Although age-related macular degeneration (AMD) is the leading cause of blindness in the elderly, treatment options are currently limited by a lack in the full understanding of disease pathogenesis. Much work has shown AMD pathogenesis to involve the complex interaction of genetic and environmental factors. While environmental factors such as smoking can directly result in a significant increase of risk, family and twin studies have long shown AMD to contain a significant genetic component and genome-wide studies have revealed an association between AMD susceptibility and polymorphisms in immune-related genes, most notably in CFH and ARMS2/HTRA1 [1]. Technological advances have made genetic associations increasingly easy to identify; however, several key issues subsist in translating newly available genetic information into effective clinical therapy.
Unlike monogenic retinal diseases, AMD is a complex disorder that involves the interaction of multiple genetic loci and does not have a direct therapeutic target. In AMD, gene–gene interactions and their risk conferment are still unclear. Interaction between specific polymorphisms in CFH and ARMS2/HTRA1 has been well demonstrated, but several studies report contradicting results. The lack of consistent conclusions in gene–gene interaction studies hints at complexity that needs further study before advancing to clinical application. Alongside the complex genetic factors involved in AMD are the gene–environment interactions whose contribution to disease is yet to be elucidated; that multiple environmental factors, such as obesity and smoking, in combination can compound genetic risk only further complicates the issue.
While gene therapy and stem cell therapy are promising fields for the treatment of ocular disorders, the current trend in AMD therapy is the use of VEGF inhibitors such as pegaptanib, ranibizumab and bevacizumab for the treatment of neovascular AMD [2]. The targeting of angiogenesis in neovascular AMD using VEGF inhibitors allows for clinical improvement despite the lack of a full understanding of pathophysiological events leading up to neovascularization. VEGF inhibitors have been shown to be a specific and effective regulator in neovascularization and are now a standard of care in the treatment of neovascular AMD. Variation in patient outcome however, has resulted in ongoing investigation of genetic influence on treatment response. To date, a study on the inf luence of single nucleotide polymorphisms in CFH, ARMS2/HTRA1, VEGFA, VEGF receptor KDR and angiogenesis genes LPR5 and FDZ4 on patient response to ranibizumab is the most comprehensive analysis of association between known high-risk alleles and anti-VEGF treatment. The findings suggest that CFH, ARMS2/HTRA1 and VEGFA high-risk alleles in combination are associated with poor response and additionally, that CFH and ARMS2/HTRA1 genes have greater impact than VEGFA on ranibizumab treatment [3]. A very recent meta-analysis on CFH variants as well as a few recent studies on association between CFH and other AMD susceptibility genes with anti-VEGF response suggest emerging interest and potential in the field of AMD pharmacogenetics and the efforts being made toward personalized medicine [4,5].

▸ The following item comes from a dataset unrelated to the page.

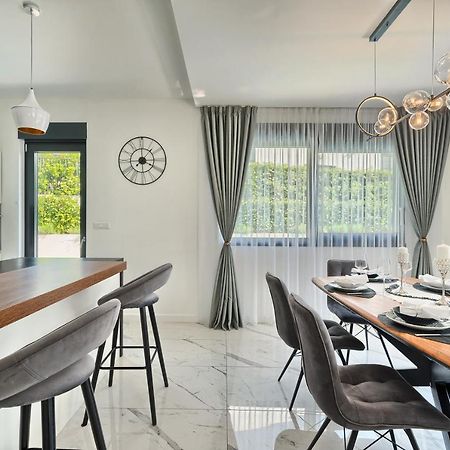 Villa Celestial Near Split Podstrana Ngoại thất bức ảnh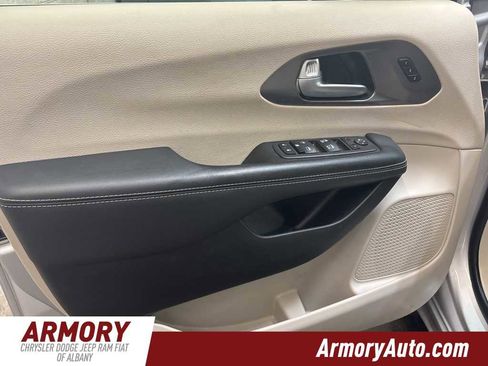 Used 2024 Chrysler Pacifica Touring-L image 7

Alongside persistence of poor responders and nonresponders, the clinical efficacy of VEGF inhibitors is challenged by the need for costly and indefinite intraocular injections that pose significant risk of complication. New research into RNA interference technology and gene therapy may serve to address these issues of pragmatism, as well as open up new targets for drug design. Initial testing of siRNA for the treatment of neovascular AMD suggested that anti-VEGF siRNA and, interestingly, even nonspecific siRNA may inhibit VEGF expression and subsequent neovascularization [6]. Further work has looked at targeting hypoxia-inducible factor genes such as RTP801 that may result in downstream VEGF expression [7]. Lowering RTP801 expression results in inhibition of mTOR, a serine/threonine protein kinase that regulates cell growth, proliferation, motility and survival, leading to lower hypoxia-inducible factor and potentially suppressed VEGF expression, as well as reduction in endothelial cell response to VEGF [8]. The mechanism of action for RTP801 siRNA is independent of that of anti-VEGF and represents the open-ended potential of RNA interference technology to target not only angiogenesis but promote retinal neuron protection directly and, thus, produce better visual acuity outcomes than current anti-VEGF therapy.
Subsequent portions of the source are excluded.